Les Poètes du terroir T I/Gabriel Vicaire

Les Poètes du terroir du XVe au XXe siècleLibrairie Ch. Delagrave Tome premier (p. 316-320).

GABRIEL VICAIRE

(1848-1900)


Poète de la Bresse et de la Bretagne, Louis-Gabriel-Charles Vicaire naquit le 25 janvier 1848, à Belfort, où son père, Alphonse Vicaire, était receveur de l’enregistrement et des domaines. Circonstance fortuite, a-t-on dit, car les siens étaient originaires de cette partie de la Bourgogne qui a formé le département de l’Ain. Il fit ses études à Bourg et commença son droit à Paris. La guerre survenant, il fut incorporé dans les mobiles de Saône-et-Loire. Reçu licencié en droit, après l’invasion, il se fit inscrire au barreau de Paris ; mais il plaida peu, préférant « la conquête du vert laurier » à l’exercice de la chicane. Il vécut dès lors en toute indépendance, « habitant tour à tour place de l’Observatoire, puis rue Madame, 9, rue Racine, 16, rue de Vaugirard, 63, rue de Grenelle, et en dernier lieu, 26, rue Denfert-Rochereau. Il ne quitta ce dernier domicile que pour se rendre dans la maison de santé du docteur Comar, où il devait trouver la mort après une longue et douloureuse agonie de dix-sept mois[1], » le 23 septembre 1900. « Il se rendait souvent à Ambérieu, où habitaient ses proches, à Mâcon, auprès de son cousin M. Lespinasse, notaire, quelquefois en Suisse, et enfin, dans les dernières années, sur les côtes de Bretagne. » Il n’avait d’ailleurs point oublié la Bourgogne, et ses meilleurs souvenirs étaient pour ce petit pays bressan qu’il a rendu à jamais célèbre dans le domaine des lettres.

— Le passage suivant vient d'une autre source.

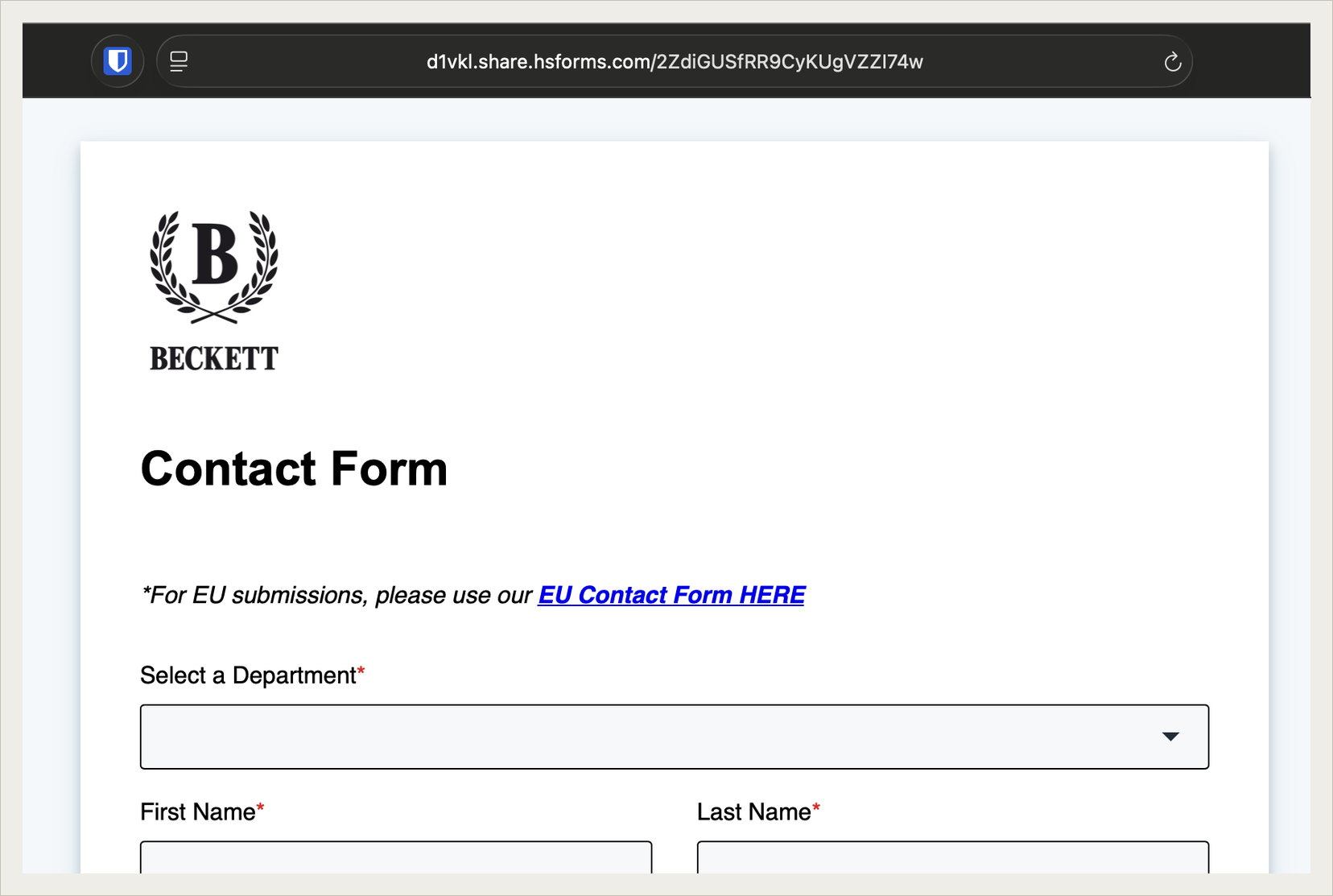 Beckett's contact form hosted on d1vkl.share.hsforms.com, a HubSpot domain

La destinée de Gabriel Vicaire a été courte, mais bien remplie ; en moins de quinze années il a produit une œuvre variée et durable et d’une unité parfaite. Depuis son livre de début. Les Emaux bressans (Paris, Charpentier et Fasquelle, 1884, in-18)[2] où il montra d’un seul coup toutes ses ressources d’originalité, jusqu’à ses recueils posthumes il n’a cessé d’être « lui-même » sans jamais se répéter. Son amour pour le pays natal, « cette recherche non affectée qu’il mettait à ressusciter la muse du peuple et à chanter les vieux airs » dont on avait bercé son enfance, déborde de tous ses livres. Il avait, en effet, selon l’expression d’un de ses commentateurs, des chansons populaires plein les lèvres. Ces livres : Le Miracle de saint Nicolas (Paris, Lemerre, 1888, in-18) ; Quatre-vingt-neuf (ibid., 1888, in-18) ; Marie-Madeleine (ibid., 1889, in-18) ; L’Heure enchantée (ibid., 1890, in-18) ; À la bonne franquette (ibid., 1891, in-18) ; Au bois joli (ibid., 1893, in-18) ; Le Clos des Fées (ibid., 1897, in-18), etc., qu’il fit paraître successivement après son premier recueil, nous le montrent tour à tour rêveur, enjoué, non sans une pointu de malice, grave, éloquent et sincèrement tendre. Son vers a de la grâce, de la fraicheur et cette légèreté qu’il doit aux dons que lui départit une muse bocagère et sylvestre, fantasque et souriante. Épris de légendes et d’inventions rustiques, il ajoute à la grâce ingénue du chanteur populaire une finesse, une bonhomie délicate, une science du rythme et des images qui en font un écrivain unique dans nos provinces. Il n’est point seulement le poète de clocher qu’on a dit, glorifiant inccssamment la Bresse mais l’évocatcur puissant en qui ont passé tous les ancêtres du terroir gaulois, depuis Villon jusqu’au bon La Fontaine. Sa poésie limpide coule de source et alimente ce grand fleuve harmonieux et lent où se reflètent les plus beaux sites de France. Il y a une telle aisance dans sa rime, une telle souplesse dans sa strophe, qu’on est tenté de confondre parfois ses compositions avec les menues chansons qu’il commenta un jour dans ses Études sur la poésie populaire.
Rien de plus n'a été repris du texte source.